Reference by `filepath:callable_name` in the dataset: `"pixie_qa/evaluators.py:my_evaluator"`.

**Accessing `eval_metadata` and captured data**: Custom evaluators access per-entry metadata and `wrap()` outputs via the `Evaluable` fields:

- `evaluable.eval_metadata` — dict from the entry's `eval_metadata` field (e.g., `{"expected_tool": "endCall"}`)
- `evaluable.eval_output` — `list[NamedData]` containing ALL `wrap(purpose="output")` and `wrap(purpose="state")` values. Each item has `.name` (str) and `.value` (JsonValue). Use the helper below to look up by name.

```python
def _get_output(evaluable: Evaluable, name: str) -> Any:
    """Look up a wrap value by name from eval_output."""
    for item in evaluable.eval_output:
        if item.name == name:
            return item.value
    return None

def call_ended_check(evaluable: Evaluable, *, trace=None) -> Evaluation:
    expected = evaluable.eval_metadata.get("expected_call_ended") if evaluable.eval_metadata else None
    actual = _get_output(evaluable, "call_ended")
    if expected is None:
        return Evaluation(score=1.0, reasoning="No expected_call_ended in eval_metadata")
    match = bool(actual) == bool(expected)
    return Evaluation(
        score=1.0 if match else 0.0,
        reasoning=f"Expected call_ended={expected}, got {actual}",
    )
```

## 3c. Produce the evaluator mapping artifact

Write the criterion-to-evaluator mapping to `pixie_qa/03-evaluator-mapping.md`. This artifact bridges between the eval criteria (Step 1b) and the dataset (Step 4).
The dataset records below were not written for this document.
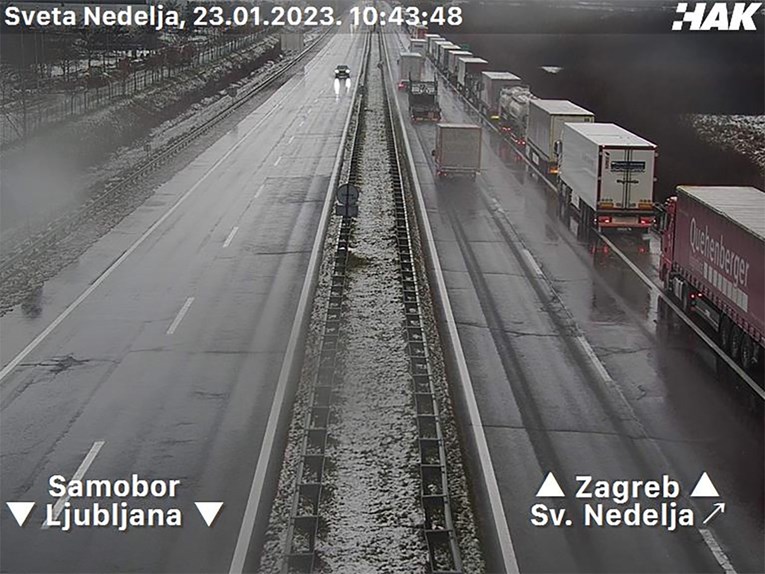 VIDEO 9 km duga kolona kamiona od Svete Nedelje do Bregane, ne mogu ući u Sloveniju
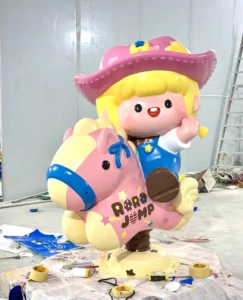 Fiberglass cartoon character for shopping mall atrium decoration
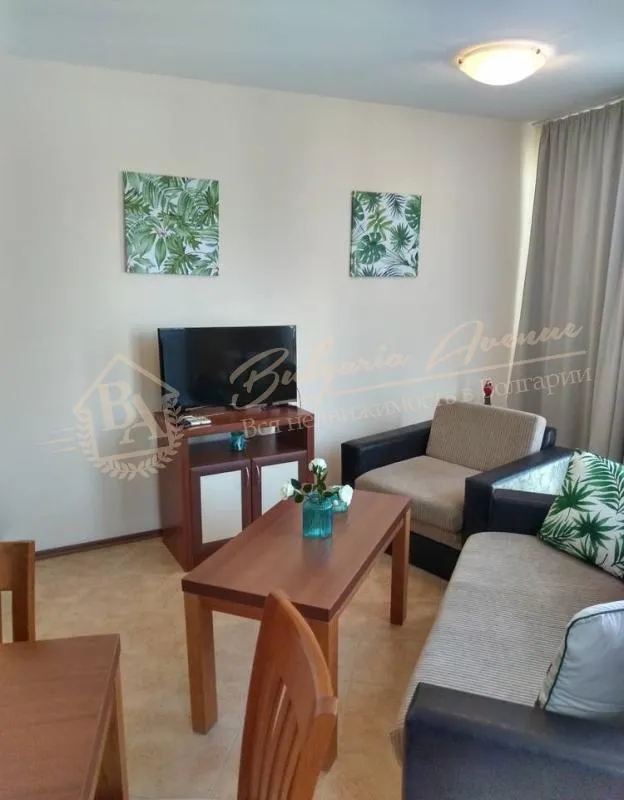 Уютная двухкомнатная квартира с французскими окнами на Солнечном берегу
**CRITICAL**: Use the exact evaluator names as they appear in the `evaluators.md` reference — built-in evaluators use their short name (e.g., `Factuality`, `ClosedQA`), and custom evaluators use `filepath:callable_name` format (e.g., `pixie_qa/evaluators.py:ConciseVoiceStyle`).

### Template

```markdown
# Evaluator Mapping

## Built-in evaluators used

| Evaluator name | Criterion it covers | Applies to                 |
| -------------- | ------------------- | -------------------------- |
| Factuality     | Factual accuracy    | All items                  |
| ClosedQA       | Answer correctness  | Items with expected_output |

## Custom evaluators

| Evaluator name                           | Criterion it covers | Applies to | Source file            |
| ---------------------------------------- | ------------------- | ---------- | ---------------------- |
| pixie_qa/evaluators.py:ConciseVoiceStyle | Phone-friendly tone | All items  | pixie_qa/evaluators.py |

## Applicability summary

- **Dataset-level defaults** (apply to all items): Factuality, pixie_qa/evaluators.py:ConciseVoiceStyle
- **Item-specific** (apply to subset): ClosedQA (only items with expected_output)
```

## Output

- Custom evaluator implementations in `pixie_qa/evaluators.py` (if any custom evaluators needed)
- `pixie_qa/03-evaluator-mapping.md` — the criterion-to-evaluator mapping

---

> **Evaluator selection guide**: See `evaluators.md` for the full evaluator catalog, selection guide (which evaluator for which output type), and `create_llm_evaluator` reference.
>
> **If you hit an unexpected error** when implementing evaluators (import failures, API mismatch), read `evaluators.md` for the authoritative evaluator reference and `wrap-api.md` for API details before guessing at a fix.